Brazilian Beef Still Leaves Bad Taste in Brussels
The FVO presented a report to the Agriculture committee which found that 50% of the farms inspected in Brazil in their recent mission had either minor or major faults.
Smith, who has been active on the issue for a number of years, and with colleagues previously exerted successful political pressure on the Commission to ban imports, disagrees with the Report's overall conclusion that the situation in Brazil is adequate, and has backed the call from the Irish Farmers Association for a pre-emptive ban on imports until standards demonstrably improve.
Speaking after the meeting, Smith said:
"It is worth putting the victory the Parliament won on Brazilian beef in context. In 2007, 30,000 Brazilian holdings were authorised to export to the EU, and the EU duly imported 300,000 tonnes of Brazilian beef. Following the consistent pressure from myself and others, the total ban, subsequently replaced with new and tighter rules, saw the number of authorised holdings fall to 100, and the imports fall to 10,000 tonnes. But this has been creeping up, and today some 1,300 holdings are authorised, admittedly only accounting for 1% of Brazil's national herd but given the scale of Brazil still a significant potential for inequity.

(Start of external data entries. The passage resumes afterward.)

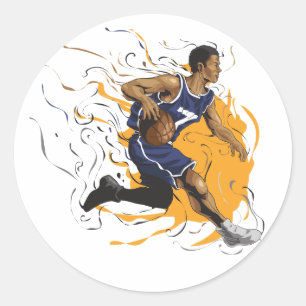 Pegatina Redonda Jugador de baloncesto no 7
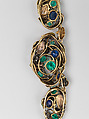 Necklace, Meta Overbeck (American, 1881–1946), Gold, emeralds, Montana sapphires, topazes, enamel, American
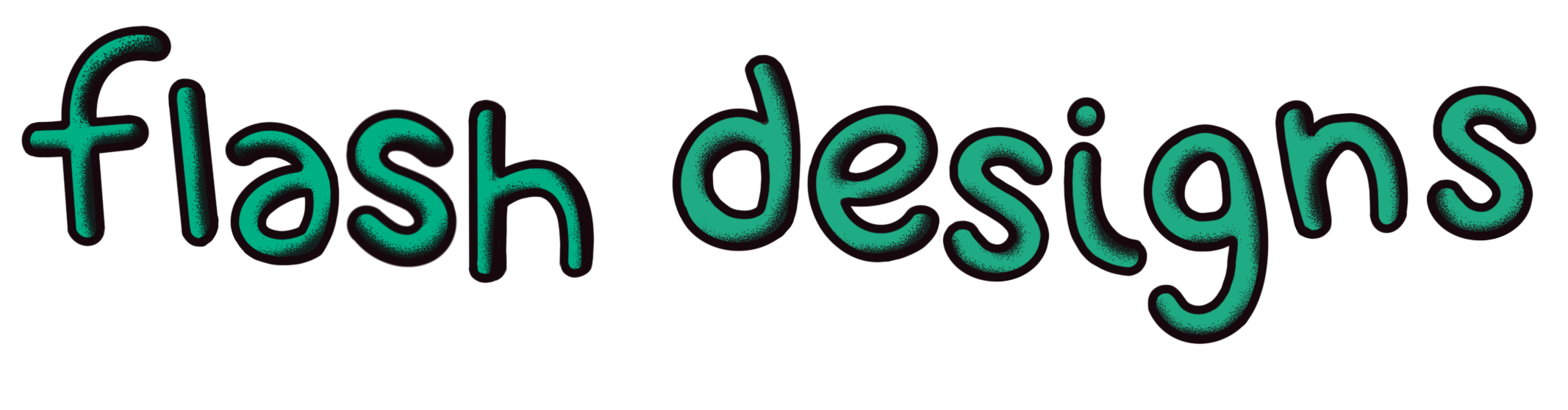 Neon sign with the words "flash designs" written in teal cursive font.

"The new rules brought in after the pre-emptive ban are all good on paper, and I have no difficulty with Brazilian beef being imported to the EU so long as it demonstrably matches our standards. However, if the traceability is not watertight then the whole package is called into question, and I am not convinced traceability is watertight.
"The FVO report details the twelve inspections the FVO officials made, unannounced, of authorised Brazilian holdings chosen at random. The findings do not convince me that Brazilian beef has a clean bill of health.Three of the holdings had minor faults in their traceability, and three had major faults, so only half of authorised holdings had a clean bill of health and our consumers deserve better.
"The FVO is of the view that the faults were sufficiently inconsequential to merit the continuing importation of Brazilian beef, but it is clear after today's meeting that I and plenty others are not convinced. I will be continuing to pressure on this issue until it can be proven that Brazil meets our standards."